Pothole Patching: Spray-Injection Patching

Nestled in the Litchfield Hills of northwestern Connecticut is a small city that has made eradicating potholes on their streets a year-round activity. Today, the 36,000 people calling Torrington, Conn., home don’t have to spend their driving time dodging potholes.

However, nine years ago, potholes were a huge problem for the city. Everything changed when Superintendent of Streets Bob Lizotte attended an American Public Works Association meeting that year and was intrigued by spray-injection patching equipment on display at the show. “When I got home, I researched the equipment and settled on the Rosco RA-300 spray-injection patching machine ,” Lizotte said.

The pothole patching solution was well received by the mayor and city council, Lizotte said, but the budget was tight and purchase was postponed. In a twist that was good news for the drivers and taxpayers of Torrington, the board of finance was convinced that the patcher was a good idea and the purchase of the pothole patcher was funded.

“In the early years, placing 50 to 60 patches a day wasn’t unusual since we had a lot of catching up to do,” Lizotte said. “Today, we operate the patcher five days a week and probably place about 20 patches per day.” Of course, the city’s pavement management system for upgrading streets on a scheduled basis has helped to eliminate the causes of potholes as the city’s 180 miles of roads, streets and bridges are better maintained and replaced.

The city has two operators trained on the spray-injection patcher . The joystick controls are simple to use. The operator is safe in the truck’s cab during patching and protected from the weather. The only time the patcher stays in the shop is when temperatures are below 20°F, Lizotte said.

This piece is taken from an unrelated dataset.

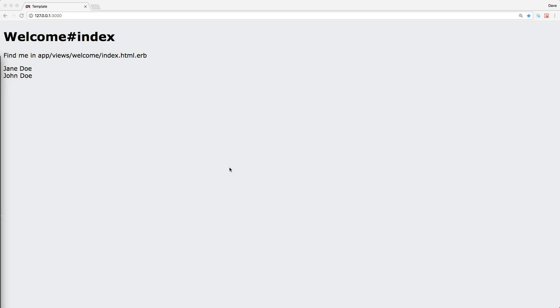In our previous episode, we looked at adding in React components and then displaying nested components within a parent component.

Sitting inside the cab of the truck, with blinking lights on the truck’s rear directing traffic around it, the operator can blow the pothole clean of debris with a high-pressure blast of air; spray hot emulsion into the hole to bond the filler with the old surface; fill the hole with a high-pressure spray of asphalt-coated aggregate; and top the patch with a dusting of dry aggregate.

Early on, Lizotte said, the public was a little skeptical with the loose stone final coat on top of the patch, but now it is a fact of life and people are pleased to see the patches since they know they will last.

“What we like about the spray-injection patches is that we can patch 12 months a year,” Lizotte said. “When we used cold patch, we had a crew of six people out on the roadway in winter conditions and they would patch the same pothole over and over. They just didn’t last.” The pothole patcher allowed the city the flexibility to put those people on other tasks.

Maintenance of the nine-year-old spray-injection patcher has been minimal, according to Lizotte.

Torrington’s success in managing potholes has brought other city personnel from New England and eastern Canada to their city to learn more about their program. Looking back, Lizotte said that the pothole patcher was a great step for the city of Torrington. It saves the city money. It allows the city to better utilize its staff. It is safer for the operator placing the patches.